The cooling hole sizes are 80*80.
I would like to ask what is best, which one should be inhale or exhale. if all would be filled with fans.

thank you


----------



## shotgn (Aug 10, 2008)

normally the side holes are for intake and the rear is exhaust. 
Depending on your cpu cooler, for example the side hole draw in cool air right on top of the cpu fan and heatsink if you use the standard fan and heatsink. 
I would put the side ones as intake and rear as exhaust.


----------



## lifebennder (Jan 10, 2009)

shotgn said:


> normally the side holes are for intake and the rear is exhaust.
> Depending on your cpu cooler, for example the side hole draw in cool air right on top of the cpu fan and heatsink if you use the standard fan and heatsink.
> I would put the side ones as intake and rear as exhaust.

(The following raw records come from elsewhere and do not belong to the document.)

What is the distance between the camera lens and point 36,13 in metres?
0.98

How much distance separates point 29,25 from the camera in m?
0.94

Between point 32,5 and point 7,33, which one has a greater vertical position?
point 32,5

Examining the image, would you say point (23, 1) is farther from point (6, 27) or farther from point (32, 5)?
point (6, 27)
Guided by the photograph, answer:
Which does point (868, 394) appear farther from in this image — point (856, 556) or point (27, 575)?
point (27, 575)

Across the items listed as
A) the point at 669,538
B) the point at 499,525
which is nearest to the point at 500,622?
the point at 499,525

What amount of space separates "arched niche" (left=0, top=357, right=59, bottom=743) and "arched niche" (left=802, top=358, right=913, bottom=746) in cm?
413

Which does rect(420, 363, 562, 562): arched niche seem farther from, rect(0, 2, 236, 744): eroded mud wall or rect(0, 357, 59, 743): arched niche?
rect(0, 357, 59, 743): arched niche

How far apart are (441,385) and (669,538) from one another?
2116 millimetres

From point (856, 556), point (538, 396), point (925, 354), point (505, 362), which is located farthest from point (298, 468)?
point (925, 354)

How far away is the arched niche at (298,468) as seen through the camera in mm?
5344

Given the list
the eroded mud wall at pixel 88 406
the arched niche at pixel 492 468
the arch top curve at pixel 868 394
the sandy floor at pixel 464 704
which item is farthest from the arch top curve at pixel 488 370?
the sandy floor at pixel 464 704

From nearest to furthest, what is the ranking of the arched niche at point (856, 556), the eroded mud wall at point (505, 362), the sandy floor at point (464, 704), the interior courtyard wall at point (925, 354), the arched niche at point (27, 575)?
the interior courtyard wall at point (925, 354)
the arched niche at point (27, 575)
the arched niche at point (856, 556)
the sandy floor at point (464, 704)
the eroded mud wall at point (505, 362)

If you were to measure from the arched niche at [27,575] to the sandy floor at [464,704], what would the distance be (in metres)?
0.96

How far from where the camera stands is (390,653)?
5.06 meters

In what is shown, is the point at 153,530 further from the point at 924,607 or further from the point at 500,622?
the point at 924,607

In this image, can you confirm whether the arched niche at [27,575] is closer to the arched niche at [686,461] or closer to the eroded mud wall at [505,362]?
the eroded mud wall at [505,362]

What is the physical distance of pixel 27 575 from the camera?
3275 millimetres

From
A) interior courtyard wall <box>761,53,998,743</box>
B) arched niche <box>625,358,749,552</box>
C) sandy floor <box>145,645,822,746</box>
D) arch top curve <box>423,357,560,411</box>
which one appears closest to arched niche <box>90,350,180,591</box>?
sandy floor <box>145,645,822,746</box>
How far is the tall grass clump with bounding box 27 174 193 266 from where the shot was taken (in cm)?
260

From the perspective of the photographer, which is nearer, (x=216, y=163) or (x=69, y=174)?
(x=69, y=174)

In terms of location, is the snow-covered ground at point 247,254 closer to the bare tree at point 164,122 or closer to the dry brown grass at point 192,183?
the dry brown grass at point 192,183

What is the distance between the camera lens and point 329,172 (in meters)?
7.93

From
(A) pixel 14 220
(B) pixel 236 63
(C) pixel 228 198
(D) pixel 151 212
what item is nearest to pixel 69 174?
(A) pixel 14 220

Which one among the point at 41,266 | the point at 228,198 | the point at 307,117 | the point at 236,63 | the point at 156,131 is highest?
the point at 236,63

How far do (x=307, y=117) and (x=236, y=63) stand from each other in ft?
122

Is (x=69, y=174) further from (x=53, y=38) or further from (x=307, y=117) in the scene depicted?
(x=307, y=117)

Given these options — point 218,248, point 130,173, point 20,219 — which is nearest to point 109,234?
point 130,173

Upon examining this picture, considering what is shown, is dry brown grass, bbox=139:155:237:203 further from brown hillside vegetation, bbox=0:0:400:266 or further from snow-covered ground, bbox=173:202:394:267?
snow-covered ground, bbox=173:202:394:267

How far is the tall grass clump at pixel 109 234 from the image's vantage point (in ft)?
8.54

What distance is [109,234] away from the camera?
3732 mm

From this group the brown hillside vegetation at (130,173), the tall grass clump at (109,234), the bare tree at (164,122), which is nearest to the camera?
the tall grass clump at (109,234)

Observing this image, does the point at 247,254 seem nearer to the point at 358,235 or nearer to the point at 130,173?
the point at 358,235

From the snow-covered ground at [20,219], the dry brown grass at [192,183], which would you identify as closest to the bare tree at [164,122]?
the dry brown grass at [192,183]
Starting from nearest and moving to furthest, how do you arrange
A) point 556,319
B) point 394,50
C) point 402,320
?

but does it matter that 3 fans will intake air and only one will outake air (rear). wont it damage the fan.


----------



## shotgn (Aug 10, 2008)

What case do you have?
What fan are you worried about damaging?


----------



## lifebennder (Jan 10, 2009)

shotgn said:


> What case do you have?
> What fan are you worried about damaging?


I dont know what case you have, if there is any way to find out then please tell me how to find my case. 
Ill get these 3 fans:
http://www.czechcomputer.cz/product.jsp?artno=31655

(its in czech so ill translate): 1800rpm, 18decibels max, 21.15CFM, 80*80*25 dimension.
I dont have any other holes in my case other then the cpu holes and the 2 at the side and 1 at the back.


----------



## shotgn (Aug 10, 2008)

It should say on the back or somewhere on the case who made it then you can goggle it.
I think you will be fine with 2 intake fans on the side, leave one open for venting.
Is your rear hole a 120m?
It usually is. The more cfm the fan is rated, the more airflow it is, also the higher the cfm the louder it will be. You might want to try to find a variable speed fan that you can control the speed of the fan to your liking. 

http://www.czechcomputer.cz/product.jsp?artno=27111
The one i posted is a good example for a variable speed.


----------